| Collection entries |
________________________________________

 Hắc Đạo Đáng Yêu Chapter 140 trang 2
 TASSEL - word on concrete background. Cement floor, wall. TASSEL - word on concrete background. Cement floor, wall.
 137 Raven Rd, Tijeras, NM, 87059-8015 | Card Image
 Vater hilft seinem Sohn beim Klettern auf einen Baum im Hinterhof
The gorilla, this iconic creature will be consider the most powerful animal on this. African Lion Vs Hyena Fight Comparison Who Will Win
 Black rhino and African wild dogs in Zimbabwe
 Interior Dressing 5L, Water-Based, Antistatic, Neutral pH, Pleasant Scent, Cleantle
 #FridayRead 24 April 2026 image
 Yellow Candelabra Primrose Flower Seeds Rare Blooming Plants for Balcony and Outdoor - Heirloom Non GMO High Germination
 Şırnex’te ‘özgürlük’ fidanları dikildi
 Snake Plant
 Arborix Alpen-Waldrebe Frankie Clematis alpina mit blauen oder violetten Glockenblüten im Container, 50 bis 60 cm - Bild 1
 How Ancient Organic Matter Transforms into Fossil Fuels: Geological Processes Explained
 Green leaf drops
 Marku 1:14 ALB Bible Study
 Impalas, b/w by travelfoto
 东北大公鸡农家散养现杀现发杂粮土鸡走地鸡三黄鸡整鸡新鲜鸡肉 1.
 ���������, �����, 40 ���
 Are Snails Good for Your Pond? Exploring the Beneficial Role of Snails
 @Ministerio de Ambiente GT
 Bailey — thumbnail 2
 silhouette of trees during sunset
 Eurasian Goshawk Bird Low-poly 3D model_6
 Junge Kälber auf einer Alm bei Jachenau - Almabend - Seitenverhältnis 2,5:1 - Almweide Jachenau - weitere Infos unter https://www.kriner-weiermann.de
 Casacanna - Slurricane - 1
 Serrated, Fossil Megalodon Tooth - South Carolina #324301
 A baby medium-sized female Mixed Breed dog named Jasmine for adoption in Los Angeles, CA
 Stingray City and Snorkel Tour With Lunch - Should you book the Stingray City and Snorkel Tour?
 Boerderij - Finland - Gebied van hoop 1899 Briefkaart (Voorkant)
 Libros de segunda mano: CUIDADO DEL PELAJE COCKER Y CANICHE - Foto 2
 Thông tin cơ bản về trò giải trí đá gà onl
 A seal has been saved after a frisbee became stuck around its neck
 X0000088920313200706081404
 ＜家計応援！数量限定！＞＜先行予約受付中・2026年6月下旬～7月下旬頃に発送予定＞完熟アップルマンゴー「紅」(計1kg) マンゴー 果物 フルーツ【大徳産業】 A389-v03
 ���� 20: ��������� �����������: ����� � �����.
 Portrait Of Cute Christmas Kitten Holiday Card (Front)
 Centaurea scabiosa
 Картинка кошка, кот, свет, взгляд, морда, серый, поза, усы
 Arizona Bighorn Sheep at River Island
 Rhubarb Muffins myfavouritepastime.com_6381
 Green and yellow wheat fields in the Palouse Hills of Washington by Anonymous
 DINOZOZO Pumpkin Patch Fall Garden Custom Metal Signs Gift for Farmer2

________________________________________

| Problem requirements |
Give back the records above exactly, limited to the lines between the one holding "137 Raven Rd, Tijeras, NM, 87059-8015" and the one holding "Eurasian Goshawk Bird Low-poly 3D model_6", inclusive.

| Your response |
 137 Raven Rd, Tijeras, NM, 87059-8015 | Card Image
 Vater hilft seinem Sohn beim Klettern auf einen Baum im Hinterhof
The gorilla, this iconic creature will be consider the most powerful animal on this. African Lion Vs Hyena Fight Comparison Who Will Win
 Black rhino and African wild dogs in Zimbabwe
 Interior Dressing 5L, Water-Based, Antistatic, Neutral pH, Pleasant Scent, Cleantle
 #FridayRead 24 April 2026 image
 Yellow Candelabra Primrose Flower Seeds Rare Blooming Plants for Balcony and Outdoor - Heirloom Non GMO High Germination
 Şırnex’te ‘özgürlük’ fidanları dikildi
 Snake Plant
 Arborix Alpen-Waldrebe Frankie Clematis alpina mit blauen oder violetten Glockenblüten im Container, 50 bis 60 cm - Bild 1
 How Ancient Organic Matter Transforms into Fossil Fuels: Geological Processes Explained
 Green leaf drops
 Marku 1:14 ALB Bible Study
 Impalas, b/w by travelfoto
 东北大公鸡农家散养现杀现发杂粮土鸡走地鸡三黄鸡整鸡新鲜鸡肉 1.
 ���������, �����, 40 ���
 Are Snails Good for Your Pond? Exploring the Beneficial Role of Snails
 @Ministerio de Ambiente GT
 Bailey — thumbnail 2
 silhouette of trees during sunset
 Eurasian Goshawk Bird Low-poly 3D model_6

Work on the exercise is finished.